La reciente decisión del gobierno de Chile de expulsar a 281 médicos extranjeros por emisión fraudulenta de licencias médicas no puede quedar reducida a un hecho anecdótico. El caso toca un principio que no admite dobleces: la probidad. En cualquier ámbito del quehacer humano debería ser regla incuestionable, pero en sectores donde se entrelaza la fe pública, los recursos del Estado y la vida de las personas —como la medicina— la exigencia debe ser doblemente rigurosa.
Los servicios de salud y otros espacios donde se juega la dignidad de lo humano no pueden tolerar grietas éticas. Allí confluyen los esfuerzos del aparato estatal, el sacrificio económico de millones de contribuyentes y, sobre todo, la confianza ciudadana. Cuando esa confianza se traiciona, el daño trasciende el caso particular: no solo se erosiona la credibilidad institucional, sino que se carga de manera injusta al erario público, financiado con el esfuerzo de toda la sociedad.
La expulsión de estos profesionales extranjeros en Chile debe ser entendida como un ejemplo y un parteaguas. No se trata de estigmatizar, sino de establecer que en ámbitos de tanta sensibilidad pública la probidad no admite concesiones. La fe pública es un bien común, y cuidarla es también un acto de justicia hacia todos quienes sostienen, con su trabajo y con sus impuestos, el servicio humano del Estado y de la medicina.
El dato que duele es que la mayoría de estos facultativos son de nacionalidad colombiana. Precisamente los médicos colombianos, con décadas y generaciones de esfuerzo y perseverancia, habían abierto una brecha para incorporarse a la medicina en Chile, salvando los parámetros de la enorme exigencia académica que caracteriza a esta profesión en el país. Con trabajo duro habían logrado establecer un nicho laboral en este extremo sur de América, nada fácil si se consideran los años de celoso escrutinio por parte del Colegio Médico de Chile y de los colegas nacionales tanto en el ámbito público como en el privado. Ese camino de legitimación, de reconocimiento ganado a pulso, corre hoy el riesgo de verse empañado por el fraude de unos pocos, cuando en realidad expresa el sacrificio de una comunidad médica que encontró en Chile una oportunidad de desarrollo y servicio y una comunidad que, en un principio reticente, comenzó a depositar en ellos su confianza.

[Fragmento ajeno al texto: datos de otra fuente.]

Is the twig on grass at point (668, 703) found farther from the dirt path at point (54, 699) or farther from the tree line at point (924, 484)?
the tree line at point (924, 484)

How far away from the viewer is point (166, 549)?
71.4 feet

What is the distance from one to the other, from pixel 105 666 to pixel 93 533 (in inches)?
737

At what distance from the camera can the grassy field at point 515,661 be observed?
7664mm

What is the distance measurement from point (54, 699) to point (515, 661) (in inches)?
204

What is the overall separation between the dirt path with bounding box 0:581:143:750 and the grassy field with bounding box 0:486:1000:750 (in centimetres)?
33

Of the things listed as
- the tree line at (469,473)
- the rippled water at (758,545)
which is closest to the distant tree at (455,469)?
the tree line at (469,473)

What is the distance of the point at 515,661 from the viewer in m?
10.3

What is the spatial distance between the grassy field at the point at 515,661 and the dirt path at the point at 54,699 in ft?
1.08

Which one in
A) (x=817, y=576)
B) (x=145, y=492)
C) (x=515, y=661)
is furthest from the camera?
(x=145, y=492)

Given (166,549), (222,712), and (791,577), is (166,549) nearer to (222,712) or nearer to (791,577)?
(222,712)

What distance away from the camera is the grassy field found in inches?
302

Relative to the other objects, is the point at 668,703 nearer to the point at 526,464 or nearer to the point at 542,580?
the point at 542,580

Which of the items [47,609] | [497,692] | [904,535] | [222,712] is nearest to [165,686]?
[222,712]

Por eso mismo, la irresponsabilidad de quienes quebrantaron la probidad no solo afecta a los pacientes y al Estado, sino que golpea directamente a sus propios colegas extranjeros que ejercen la medicina en Chile con integridad y profesionalismo. La sanción, en consecuencia, debe ser también un llamado urgente a proteger esa distinción: separar con rigor a quienes traicionan la confianza pública de aquellos que, día tras día, sostienen con ética y compromiso un servicio humano indispensable.
Esto tampoco excluye a los médicos chilenos de la condena jurídica y social que corresponde a quienes hayan incurrido en las mismas malas prácticas y, en suma, delitos. La probidad no distingue nacionalidades. Pero es cierto que la migración médica presume un mayor grado de alerta y observancia de las normas, debido a las durísimas consecuencias que conlleva: tanto el eventual estigma social —que es una realidad impulsiva y difícil de contener— como el impacto profundo en la vida personal y profesional de quienes, lejos de su país de origen, sostienen una carrera en medio de exigencias dobles. Esa doble vulnerabilidad hace aún más irresponsable y grave la conducta de quienes manchan la confianza depositada en la medicina como servicio humano esencial.

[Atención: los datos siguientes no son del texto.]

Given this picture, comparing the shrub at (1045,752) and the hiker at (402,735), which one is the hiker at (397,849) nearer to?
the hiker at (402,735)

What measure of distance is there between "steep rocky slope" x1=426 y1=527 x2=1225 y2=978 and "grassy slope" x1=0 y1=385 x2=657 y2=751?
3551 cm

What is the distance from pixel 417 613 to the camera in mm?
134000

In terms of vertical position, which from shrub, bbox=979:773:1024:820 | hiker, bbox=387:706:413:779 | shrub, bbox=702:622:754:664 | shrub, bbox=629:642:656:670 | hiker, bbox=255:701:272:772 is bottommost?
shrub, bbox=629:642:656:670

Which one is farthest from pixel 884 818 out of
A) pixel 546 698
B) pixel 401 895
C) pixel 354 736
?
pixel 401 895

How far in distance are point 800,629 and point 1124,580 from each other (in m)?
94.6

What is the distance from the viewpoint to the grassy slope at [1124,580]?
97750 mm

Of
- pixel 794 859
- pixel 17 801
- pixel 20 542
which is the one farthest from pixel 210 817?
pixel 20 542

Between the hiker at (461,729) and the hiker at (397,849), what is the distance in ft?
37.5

Esta editorial internacional persigue establecer ese marco reflexivo e invitar a generar conciencia: la probidad en la medicina y en los servicios humanos no es solo un requisito legal, sino la base misma de la confianza colectiva. Y cuando esa confianza se resquebraja, lo que está en juego no es un trámite administrativo, sino la legitimidad de todo un sistema que se sostiene sobre el sacrificio común.